# Prime numbers and divisibles

I was wondering that in the process of checking if a number is a prime number, would it be reasonable to suggest that if it cannot be divided by 2, 3, 5, 7 or 9 then it could be considered a prime number?

My maths is not the greatest so I am going off the premise that any number greater than a single digit can be divided by those 4 numbers if not a prime?

No it does not work that way. For example $11$ is a prime, and $13$ is a prime. $11\times13=143$ is not a prime, but can neither be devided by $2,5,7,9$, or any other number which isn't $11$ or $13$.

The general rule is, you need to check all the primes up to the square root of the number in question. So, for 2 digit numbers, you only need to check the primes less than 10 (2,3,5,7). Once you pass 121 though, you need to start checking 11, once you pass 169, you need to start checking 13, etc.

No, any products of two or more primes $11$ or larger fit this description;the first few examples are already in the three-digit range: $121, 143, 165, 169 \ldots$. So, your criterion works for numbers $\leq 120$ but fails for larger numbers. In general, to check whether a number $n$ is prime, you only need check whether $n$ is divisible by the primes $p \leq \lfloor \sqrt{n} \rfloor$.

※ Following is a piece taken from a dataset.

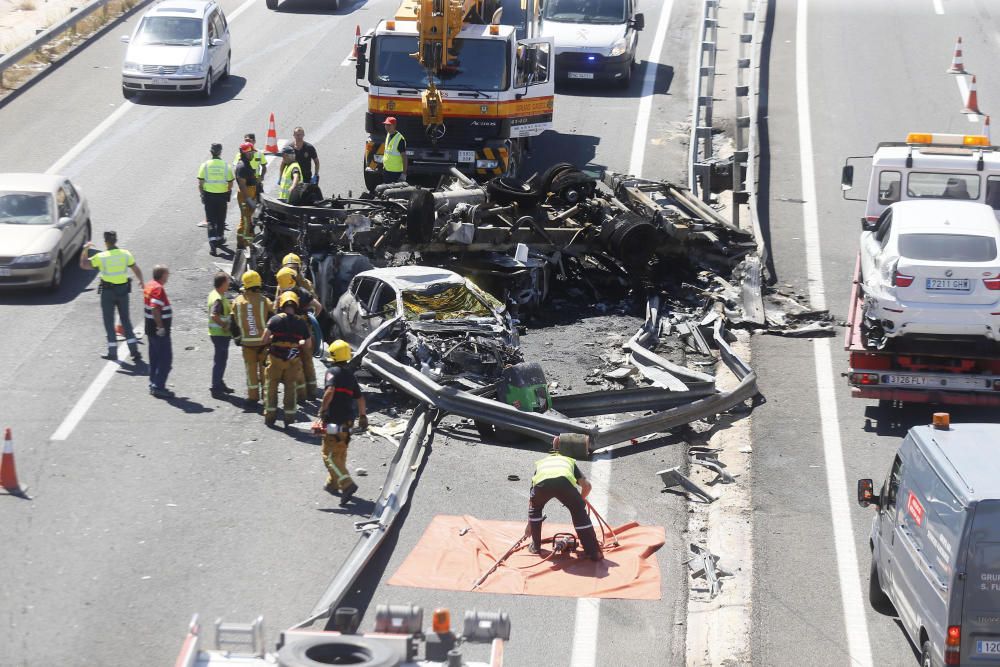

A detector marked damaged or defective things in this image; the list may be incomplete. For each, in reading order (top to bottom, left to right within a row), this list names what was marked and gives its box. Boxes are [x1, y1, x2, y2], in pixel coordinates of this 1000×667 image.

burned car [336, 264, 524, 384]
damaged guardrail [292, 404, 434, 628] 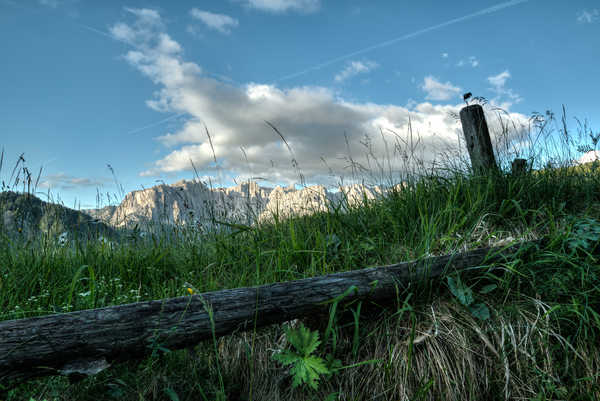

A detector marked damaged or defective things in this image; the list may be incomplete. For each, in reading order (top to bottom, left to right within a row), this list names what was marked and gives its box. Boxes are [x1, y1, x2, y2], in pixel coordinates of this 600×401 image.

• I'm sorry, i meant is there any number above a single digit that cannot be divided by a single digit WITHOUT it being a prime number? – Iain Blackwood Sep 26 '14 at 15:11
• I edited the answer to avoid the obvious garbling. – Travis Sep 26 '14 at 15:32

Do you mean for $33$ or $121$ to be counted as prime numbers?

Note that the Sieve of Eratosthenes works by successively eliminating multiples of $2,3,5,7,11 \dots$

Once you have got to the prime $p$ you can be sure that any number left which is less than $p^2$ is prime.

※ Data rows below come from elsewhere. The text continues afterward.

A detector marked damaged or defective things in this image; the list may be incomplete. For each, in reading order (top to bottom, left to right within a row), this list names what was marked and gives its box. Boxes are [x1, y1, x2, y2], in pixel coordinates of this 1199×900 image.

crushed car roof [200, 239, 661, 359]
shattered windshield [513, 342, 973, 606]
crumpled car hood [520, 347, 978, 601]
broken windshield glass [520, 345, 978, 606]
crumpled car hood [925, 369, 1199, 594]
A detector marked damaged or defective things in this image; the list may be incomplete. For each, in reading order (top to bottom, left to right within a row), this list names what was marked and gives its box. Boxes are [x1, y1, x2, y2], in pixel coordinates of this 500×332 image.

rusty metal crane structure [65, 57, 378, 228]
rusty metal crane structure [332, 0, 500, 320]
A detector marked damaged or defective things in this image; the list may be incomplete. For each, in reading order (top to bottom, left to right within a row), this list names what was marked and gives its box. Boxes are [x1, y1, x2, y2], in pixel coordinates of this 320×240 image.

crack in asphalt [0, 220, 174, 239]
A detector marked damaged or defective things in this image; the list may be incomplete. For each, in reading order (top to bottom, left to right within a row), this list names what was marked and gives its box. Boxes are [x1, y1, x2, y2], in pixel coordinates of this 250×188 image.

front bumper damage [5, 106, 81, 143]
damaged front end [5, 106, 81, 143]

Your list fails in two respects. First it is a finite list, but there are infinitely many primes (a fact known to Euclid). Take a prime not on your list, say $11$, and its square will not be prime.

Secondly you have chosen $9$, which is not prime. This doesn't make a huge difference here, because a number is either a power of $3$, in which case it is eliminated (except for $1,3$), or it has a prime factor other than $3$, in which case it would be eliminated by that prime (hence my example of $33$).

There would be a real problem, though, if you tried to work with squares of all the primes - say $9, 25$ when you would be counting $15$ as a prime.